Your task -
Your output should consist solely of the lines from the one with "are standing by" through the end of the records, reproduced exactly, both ends included.
################
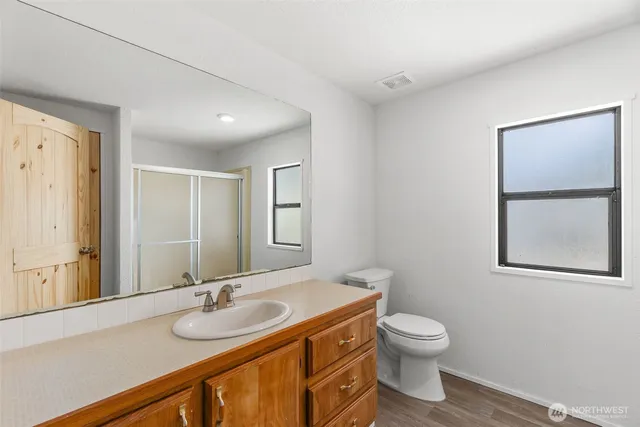 a bathroom with a toilet sink and mirror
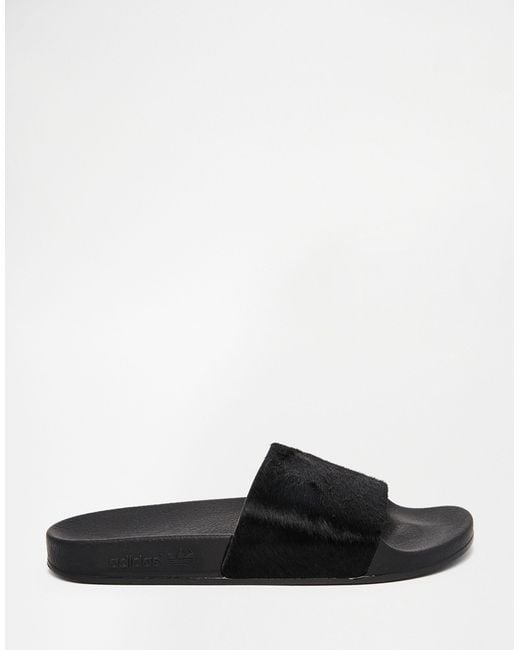 adidas Originals Adilette Pony Hair Slider Flat Sandals in Black | Lyst  Canada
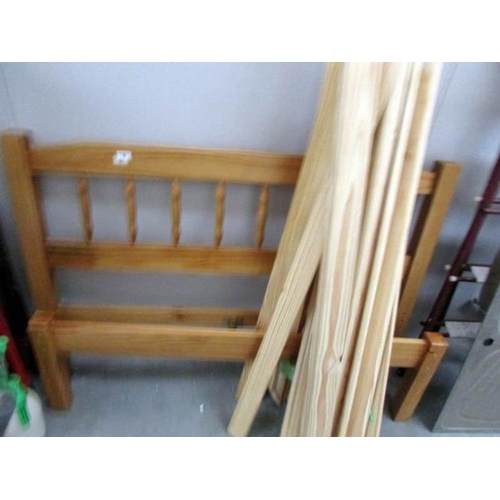 9 - A pine bedstead complete with slats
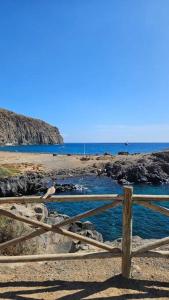 une clôture en bois sur une plage près de l'océan dans l'établissement Apartman Los Cristianos-Cristimar, à Los Cristianos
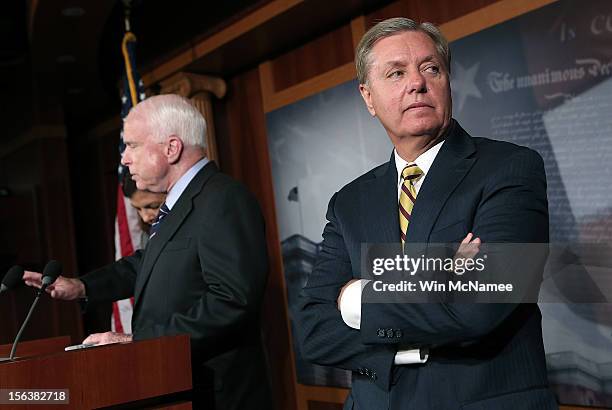 Sen. John McCain and Sen. Lindsey Graham hold a news conference on the Benghazi terrorist attack at the U.S. Capitol November 14, 2012 in Washington,...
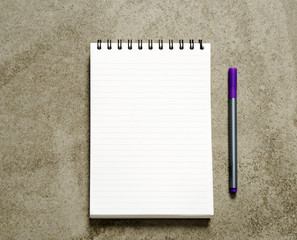 notebook and pen on a marble background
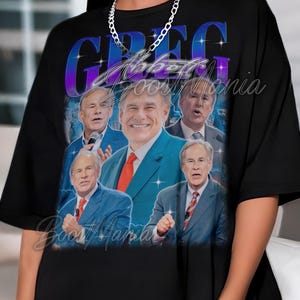 Puede incluir: Camiseta negra con un gráfico de un hombre con traje, el nombre "GREG" en letras grandes y estilizadas y el texto "Abbott Boost Mania" en cursiva.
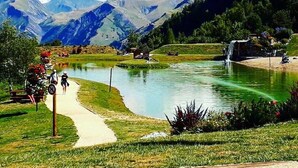 A lakeside path with a view of mountains and a waterfall. - Apartment in Les 2 Alpes. Snow front. 4 people max. (Mont-de-Lans)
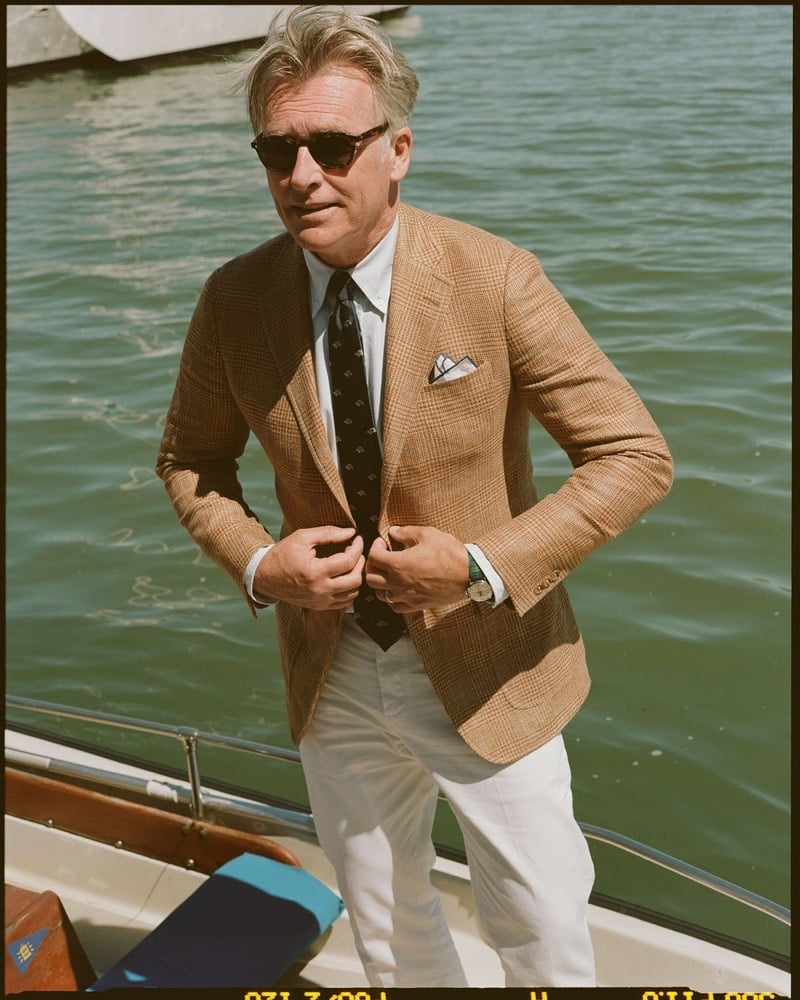 John Pearson wears tortoiseshell sunglasses and a rust glen check sport coat over a white shirt and navy patterned tie with white trousers, stepping onto a boat at the harbor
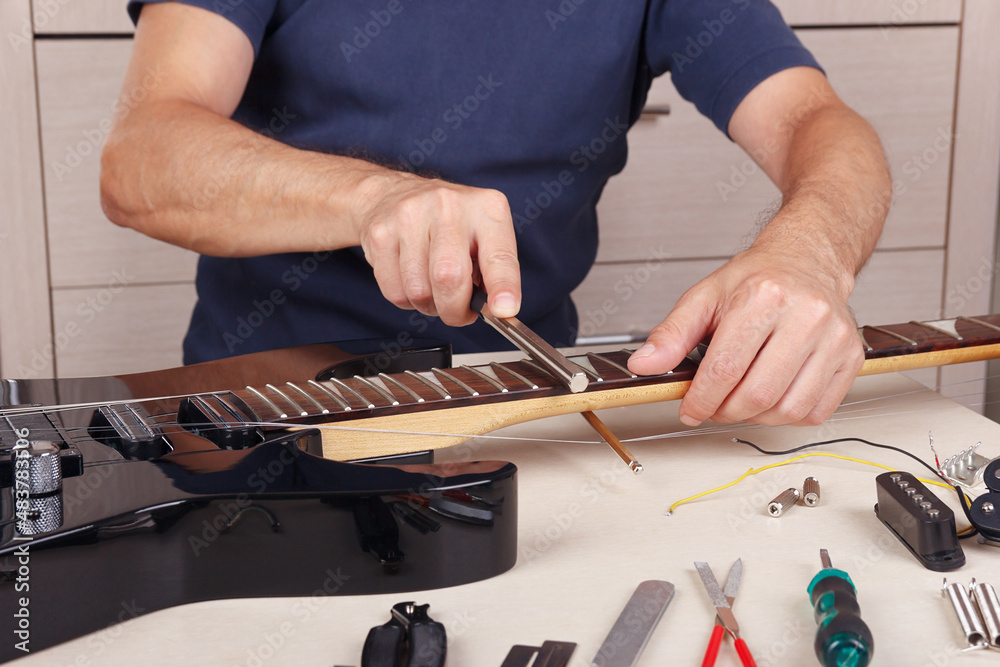 Fototapeta premium Guitar technician crowning frets on guitar neck with fret files.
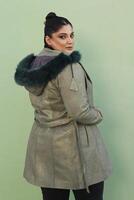 a woman in a fur hat with long green coat and black pants photo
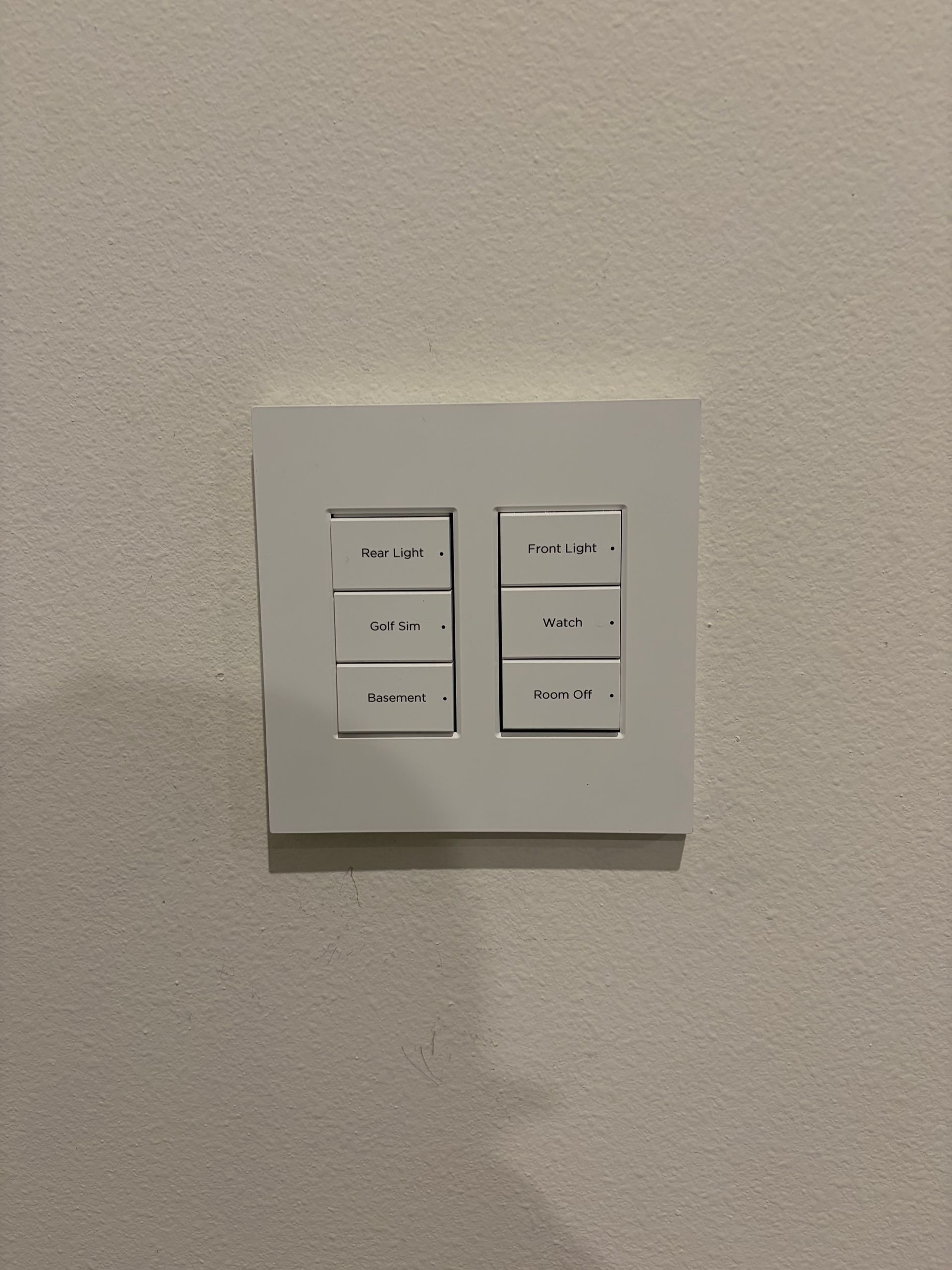 Control4 keypad with Golf Sim Watch Front Light and Room Off scenes installed in simulator room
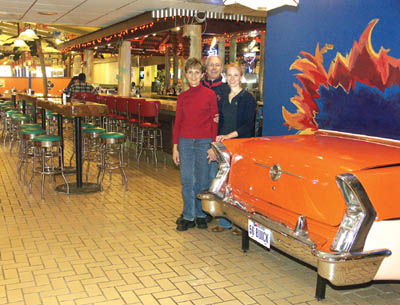 The family leadership of the new Ritas Fajitas restaurant
consists of (from left) wife and husband Janice Blackwood
and Rip Blackwood and their daughter, Susie Kepler. They
are standing by the back end of a 1956 Buick that is being
retrofitted as a salsa bar. The liquor bar and the main dining
area can be seen behind them.
Westside Pioneer photo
################
Solution to this task -
are standing by the back end of a 1956 Buick that is being
retrofitted as a salsa bar. The liquor bar and the main dining
area can be seen behind them.
Westside Pioneer photo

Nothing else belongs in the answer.